Exercise aim:
Write out, with no changes, every line starting at the one that contains "Con trai trùm" and ending at the last line of the data below. Leave pictures out.

Data extract START

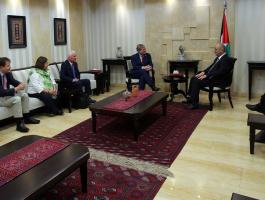 الحمد الله يطلع وفداً برلمانيا اسكتلنديا على الانتهاكات الإسرائيلية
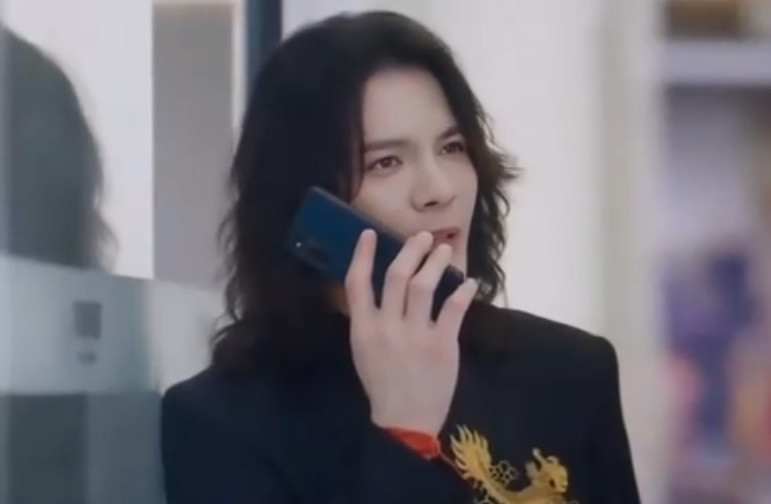 Con trai trùm xã hội đen Hong Kong đóng phim đàn ông mang bầu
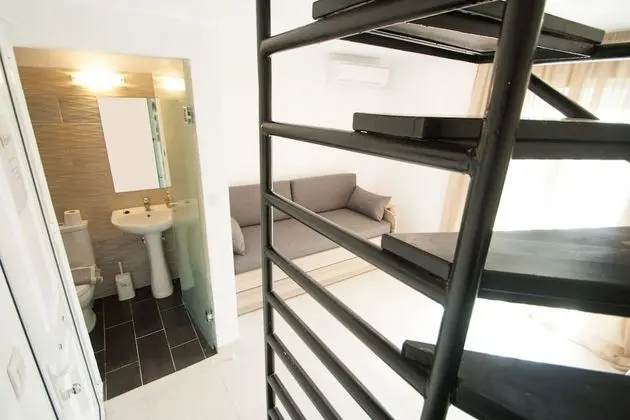 Sextuple Room (Split Level)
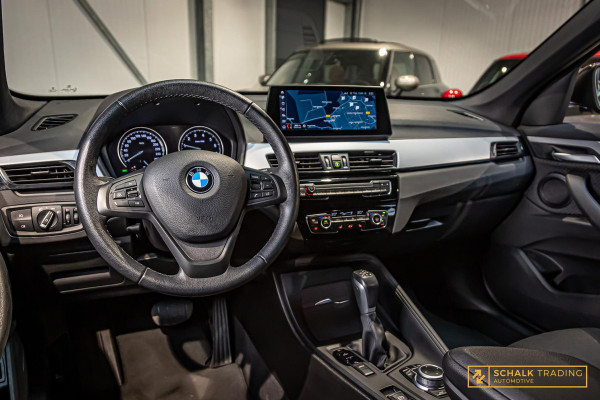 BMW X1 XDrive25e|Cam|Navi-XL|HUD|Stoelverwarming|Dealer|APK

Data extract END

Your response:
 Con trai trùm xã hội đen Hong Kong đóng phim đàn ông mang bầu
 Sextuple Room (Split Level)
 BMW X1 XDrive25e|Cam|Navi-XL|HUD|Stoelverwarming|Dealer|APK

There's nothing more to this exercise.